Locally, the company has built its reputation based upon its ability to produce quality work, which complimented with our unique style of service, offers our clients the very best in the industry. Our company has over the years successfully completed numerous significant corporate projects. Some of the more recent ones being, Hilton Trinidad, Hilton Hotel Tobago, The Cascadia Hotel, KFC chain of Restaurants, Pizza Boys chain of Restaurants, Bayside Towers and The Crews Inn Hotel. You would also find that many of the pieces presently decorating the walls of corporate offices have been supplied and framed by Fine Art Limited.

On the export front, over the last decade Fine Art has been supplying a range of Finished Picture Frame Mouldings and Photo Frames, as well as other framing supplies, to Custom Framing operations throughout the Caribbean. We have developed alliances with these operations, thereby affording us the strength of a Caribbean Network.

In this light, Fine Art enjoys the following distinct advantages in its ability to serve the Caribbean:

  1. Extremely competitive rates and prices.
  2. Clear understanding of Caribbean Taste and Décor.
  3. A manufacturing operation, small enough to be able to adapt to the requirements and specifications of designers, but big enough to handle most custom framing project.
  4. Alliances with Custom Framing operations and Artists throughout the Caribbean.
  5. Reliable and economical shipping options to all Caribbean islands.

We are confident that we can provide you with the product quality and level of service that your clients demand, as is evidenced by our past and current performances.



 

 

History of Fine Art Trinidad Limited

Captain Nigel Heath was born in Lahore, in what is now Pakistan, on February 6, 1930, when half of the world was coloured pink in the Atlases of that time, Nigel Heath was a child of the Raj. His father, George, was a Major in the Indian Army, his mother Phyllis, the daughter of a bandmaster. He died on February 2, 2008 in the UK a country he only really got to know in the last ten or so years of his life.

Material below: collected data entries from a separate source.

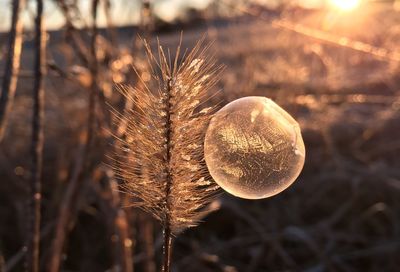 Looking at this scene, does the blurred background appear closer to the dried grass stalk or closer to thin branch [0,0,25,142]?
thin branch [0,0,25,142]

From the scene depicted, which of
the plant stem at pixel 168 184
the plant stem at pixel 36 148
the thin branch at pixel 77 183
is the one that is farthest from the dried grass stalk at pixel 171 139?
the thin branch at pixel 77 183

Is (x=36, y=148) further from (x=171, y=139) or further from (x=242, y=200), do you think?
(x=242, y=200)

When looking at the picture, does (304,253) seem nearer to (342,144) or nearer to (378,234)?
(378,234)

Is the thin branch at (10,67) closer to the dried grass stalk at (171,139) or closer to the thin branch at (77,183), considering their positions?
the thin branch at (77,183)

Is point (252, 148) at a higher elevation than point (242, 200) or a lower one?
higher

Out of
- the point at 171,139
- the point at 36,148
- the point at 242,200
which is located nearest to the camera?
the point at 171,139

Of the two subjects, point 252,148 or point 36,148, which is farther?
point 36,148

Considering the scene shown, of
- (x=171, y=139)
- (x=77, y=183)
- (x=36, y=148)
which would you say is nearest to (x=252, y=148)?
(x=171, y=139)

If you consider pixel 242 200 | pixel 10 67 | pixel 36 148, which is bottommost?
pixel 242 200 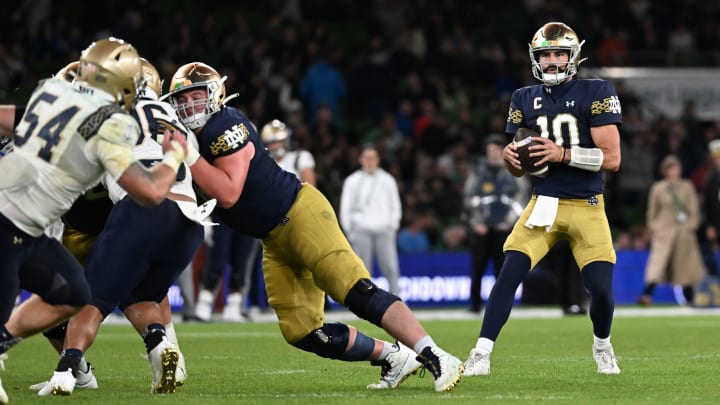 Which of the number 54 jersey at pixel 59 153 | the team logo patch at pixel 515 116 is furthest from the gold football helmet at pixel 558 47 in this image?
the number 54 jersey at pixel 59 153

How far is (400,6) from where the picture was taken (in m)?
21.5

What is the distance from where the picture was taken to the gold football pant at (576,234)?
740 cm

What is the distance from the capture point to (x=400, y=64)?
20188 mm

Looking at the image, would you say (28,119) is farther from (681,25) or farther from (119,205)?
(681,25)

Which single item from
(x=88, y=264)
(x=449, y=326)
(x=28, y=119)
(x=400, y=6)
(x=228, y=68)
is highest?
(x=400, y=6)

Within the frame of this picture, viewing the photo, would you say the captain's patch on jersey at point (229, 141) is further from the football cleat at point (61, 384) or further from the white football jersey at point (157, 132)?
the football cleat at point (61, 384)

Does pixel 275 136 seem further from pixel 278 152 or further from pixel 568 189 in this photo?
pixel 568 189

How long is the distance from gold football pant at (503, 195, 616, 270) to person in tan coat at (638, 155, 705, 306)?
8.86m

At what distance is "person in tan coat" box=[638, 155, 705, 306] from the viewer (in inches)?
635

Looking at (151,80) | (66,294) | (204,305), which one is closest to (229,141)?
(151,80)

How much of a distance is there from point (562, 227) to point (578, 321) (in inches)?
226

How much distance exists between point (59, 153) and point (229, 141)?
0.94m

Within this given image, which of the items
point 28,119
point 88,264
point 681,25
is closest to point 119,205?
point 88,264

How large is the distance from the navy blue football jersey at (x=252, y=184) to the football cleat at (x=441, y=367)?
978 millimetres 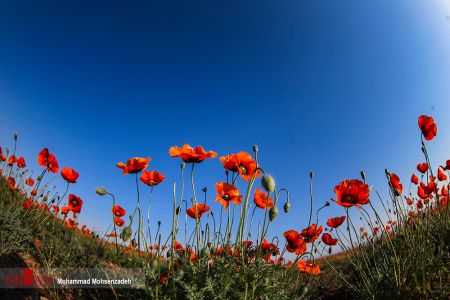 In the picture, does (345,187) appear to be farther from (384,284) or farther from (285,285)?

One morning Nigel spotted a notice inviting applications for pilots for a six-month contract with British West Indian Airways; he only needed to persuade his fiancé, Sonia Rickman, who also worked with BEA, that instead of shivering and coughing in London, six months in the Caribbean would be a great way to start married life. She agreed and so, in 1954, Sonia and Nigel Heath got married, came to Trinidad on a six-month contract — and stayed here for the next 52 years.

Flying is stressful; airline pilots need regular breaks from flying — which leaves them with time on their hands; some devote their spare days to sport, or run a business on the side. Moreover, time off in cities in North America and the UK allows them to make useful business contacts. At one time Nigel and two other pilots got together to operate a Coney Island that travelled around Trinidad. Then as their boys David and Richard were old enough for school, Sonia took up painting as a hobby.

There were no professional framers in Trinidad in those days; Sonia asked Nigel to take her paintings to New York for framing. He did, found carrying them up no problem, but carrying framed paintings back was awkward. “Surely,” he thought, “I could make frames in my small workshop under the house.’” 

He bought books on the subject, haunted the back rooms of framing shops in New York — and framed Sonia’s paintings. Friends admired his frames, asked Nigel to frame their work for them and before he knew it his “hobby” was taking up most of his spare time. To cut a long story short, the framing “hobby” outgrew the space under the house. “Fine Art Picture Framers” opened in Upper Frederick Street in premises now occupied by the Living Water Centre.

Nigel also imported prints and artist’s materials as well as frames for his business. Next he reckoned that he could make his own frames; he rented factory premises, imported machinery, learned the delicate art of applying gold leaf by breath and brush — and taught his employees to do the same. By the time he retired from active involvement in the business, “Fine Art” was exporting frames to other Caribbean islands, and to North America.